Action item: From the line with "2008 Vanity Handicap" to the line with "7.700 m2 Çiftlik, Bağ-Bahçe, Hobi", retype each line exactly as it stands in the records below, but skip the pictures.

Data under study:
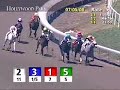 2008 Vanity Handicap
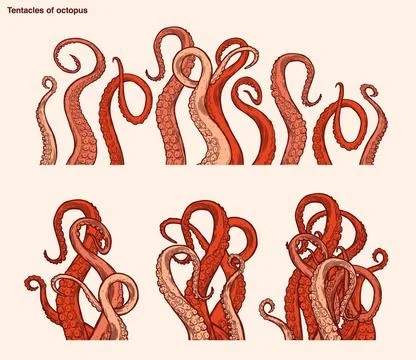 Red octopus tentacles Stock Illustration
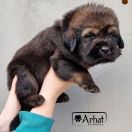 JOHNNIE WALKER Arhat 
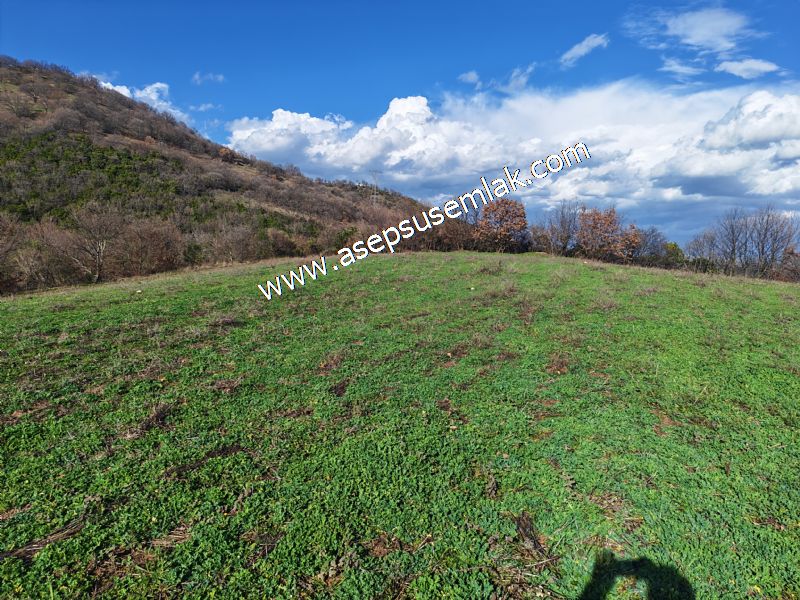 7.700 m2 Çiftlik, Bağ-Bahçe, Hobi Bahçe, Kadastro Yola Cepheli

...

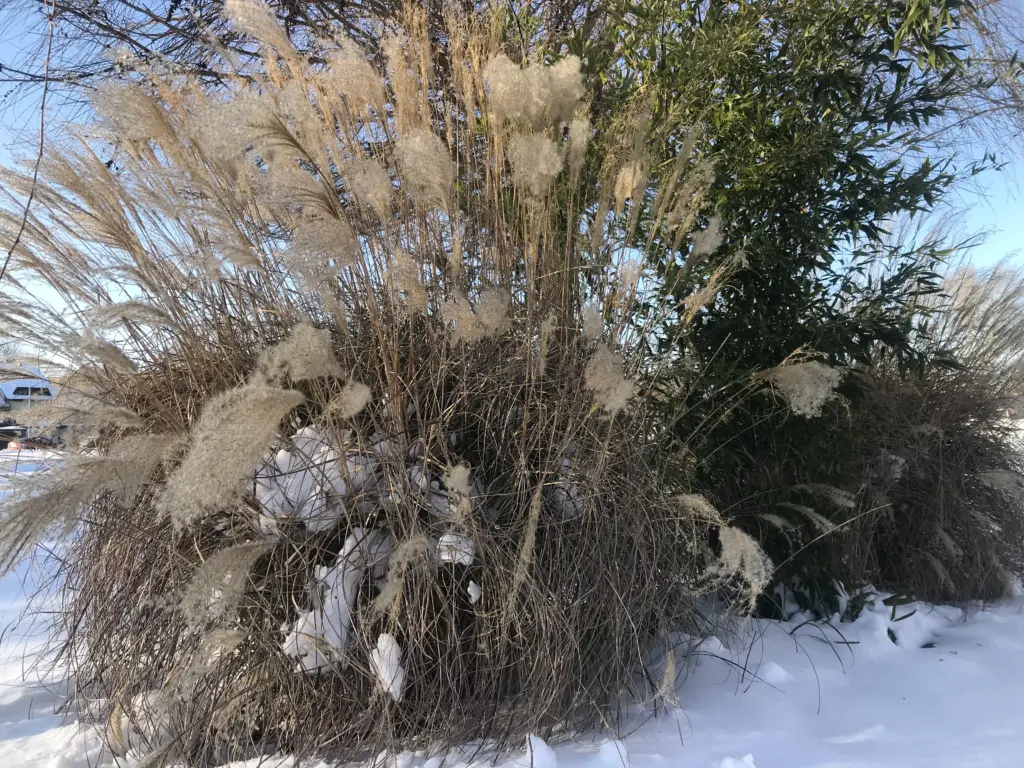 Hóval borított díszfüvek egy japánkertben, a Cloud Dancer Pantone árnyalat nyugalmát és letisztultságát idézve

Exercise answer:
 2008 Vanity Handicap
 Red octopus tentacles Stock Illustration
 JOHNNIE WALKER Arhat 
 7.700 m2 Çiftlik, Bağ-Bahçe, Hobi Bahçe, Kadastro Yola Cepheli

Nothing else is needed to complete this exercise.